Provided data:
—————
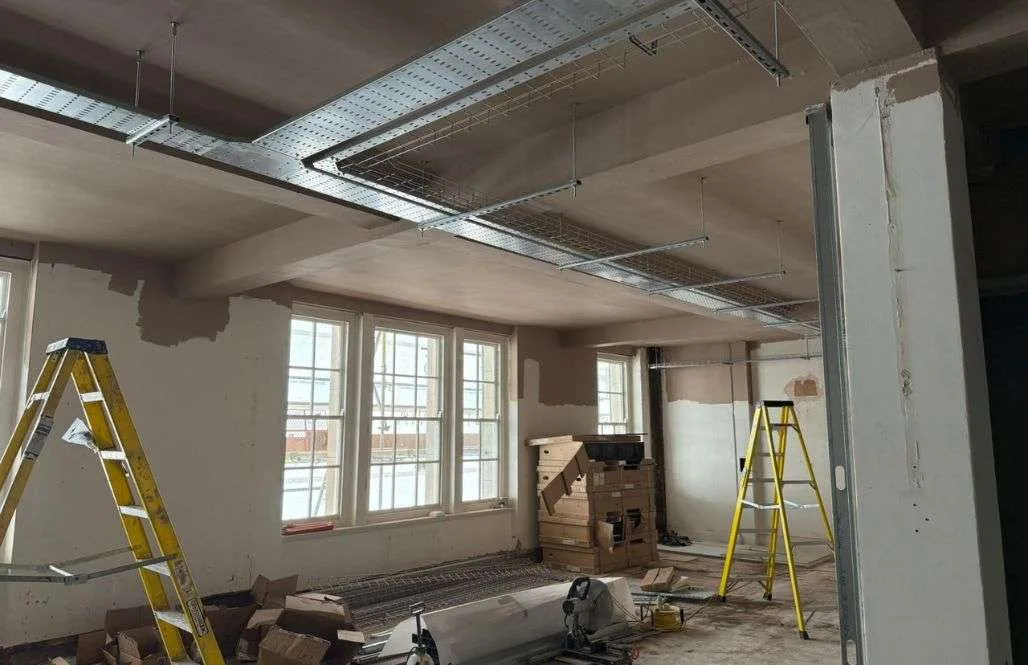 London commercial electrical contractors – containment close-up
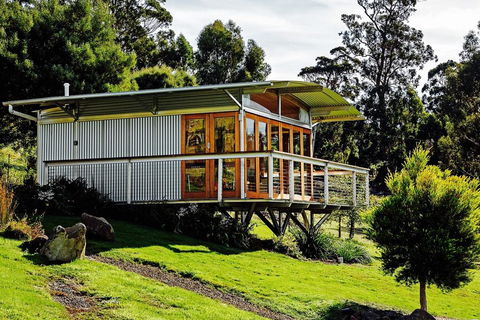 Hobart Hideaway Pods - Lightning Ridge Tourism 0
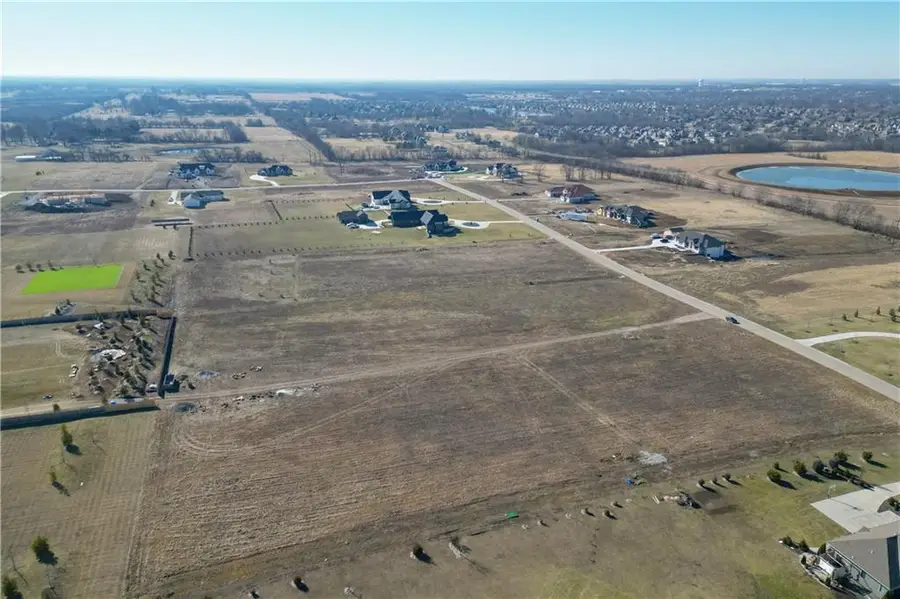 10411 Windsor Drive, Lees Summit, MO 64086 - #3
—————
Prompt: Once more, give the listing above exactly, leaving each picture out.

Exercise solution:
 London commercial electrical contractors – containment close-up
 Hobart Hideaway Pods - Lightning Ridge Tourism 0
 10411 Windsor Drive, Lees Summit, MO 64086 - #3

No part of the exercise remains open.